Pada sebuah organisasi, komunikasi
mengalir dari individu kepada individu lain secara langsung baik formal ataupun
kelompok meliputi komunikasi ke bawah, ke atas, horisontal ataupun diagonal.
Komunikasi tersebut disebut sebagai komunikasi interpersonal, yang merupakan
pengaruh penting atas perilaku antar-pribadi.
Gibson, Ivancevich, dan Donnelly (1985)
menjelaskan bahwa komunikasi merupakan bagian dari fungsi organisasi.
Komunikasi interpersonal tidak dapat dielakkan dalam setiap fungsi organisasi
sehingga komunikasi interpersonal merupakan suatu hal yang penting bagi
pencapaian keberhasilan organisasi.
Dalam suatu organisasi --baik yang
berorientasi komersial maupun sosial-- komunikasi dalam organisasi atau lembaga
akan melibatkan empat fungsi, yaitu: pertama,
Fungsi Informatif. Di sini organisasi dapat dipandang sebagai suatu sistem
pemrosesan informasi (information-processing
system). Maksudnya, seluruh anggota
dalam suatu organisasi berharap dapat memperoleh informasi yang lebih banyak,
lebih baik dan tepat waktu.

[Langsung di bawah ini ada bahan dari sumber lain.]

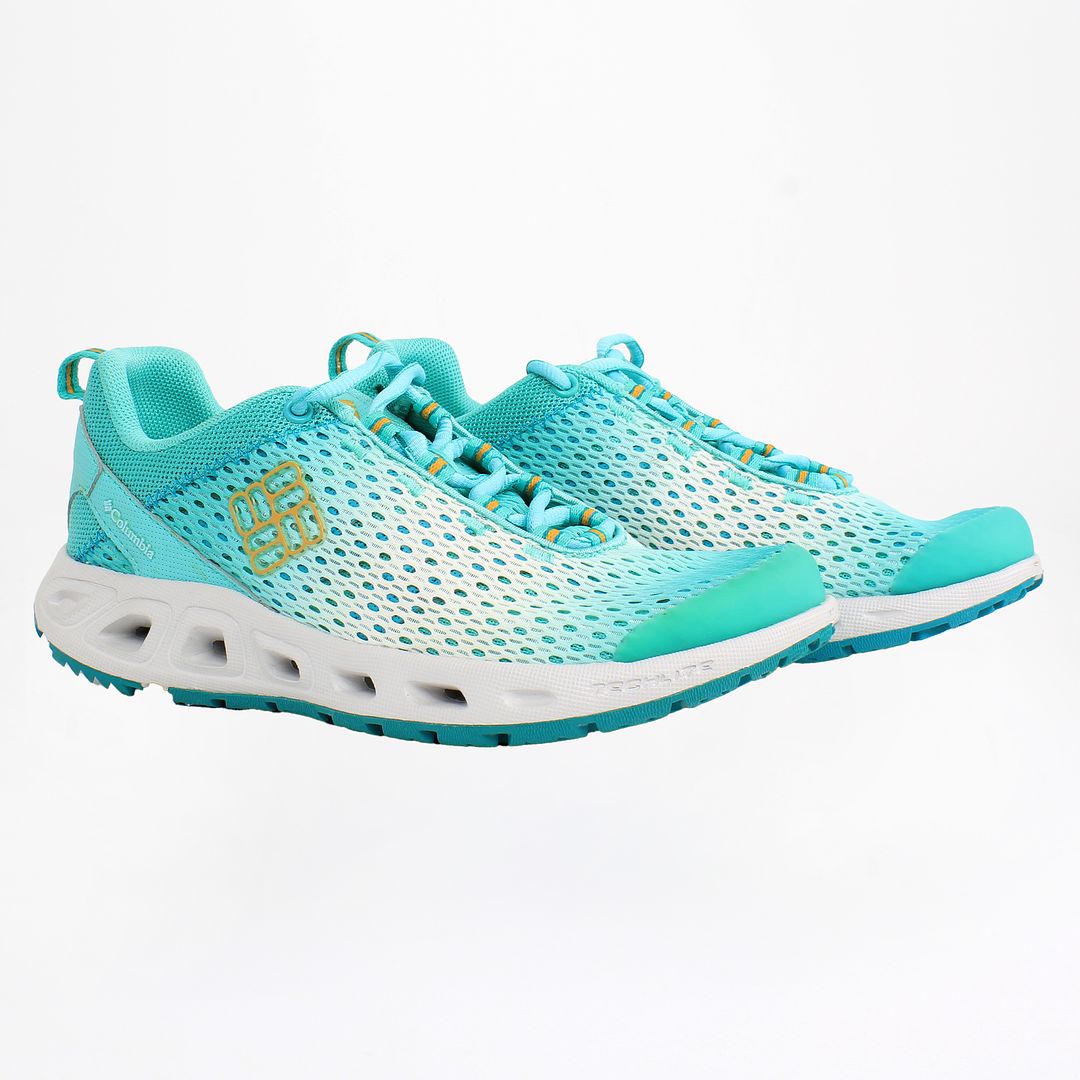 Columbia  Drainmaker Womens Blue Trainers NO BOX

Informasi yang diperoleh memungkinkan setiap
anggota organisasi dapat melaksanakan pekerjaannya secara lebih pasti.
Pada dasarnya informasi dibutuhkan oleh
semua orang yang mempunyai perbedaan kedudukan dalam suatu organisasi.

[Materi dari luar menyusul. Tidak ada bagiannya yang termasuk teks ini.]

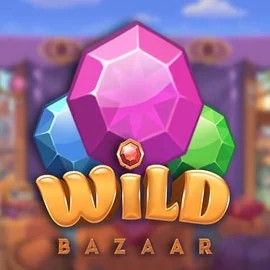 Wild Bazaar logo by NetEnt at Ice Casino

Orang-orang dalam tataran manajemen membutuhkan informasi untuk membuat suatu
kebijakan organisasi ataupun guna mengatasi konflik yang terjadi di dalam
organisasi. Sedangkan karyawan (bawahan)
membutuhkan informasi tentang jaminan keamanan, jaminan sosial dan kesehatan,
izin cuti dan sebagainya.
Kedua,
Fungsi Regulatif. Fungsi ini berkaitan dengan peraturan-peraturan yang berlaku
dalam suatu organisasi. Pada semua lembaga atau organisasi, ada dua hal yang
berpengaruh terhadap fungsi regulatif ini, yaitu Atasan dan Bawahan. Atasan
adalah orang-orang yang berada dalam tataran manajemen, mereka yang memiliki
kewenangan untuk mengendalikan semua informasi yang disampaikan. Mereka juga
memiliki kewenangan untuk memberikan instruksi atau perintah. Dalam struktur
organisasi, mereka ditempatkan pada lapis atas (position of authority) supaya perintah-perintahnya dilaksanakan
sebagaimana semestinya oleh para bawahan.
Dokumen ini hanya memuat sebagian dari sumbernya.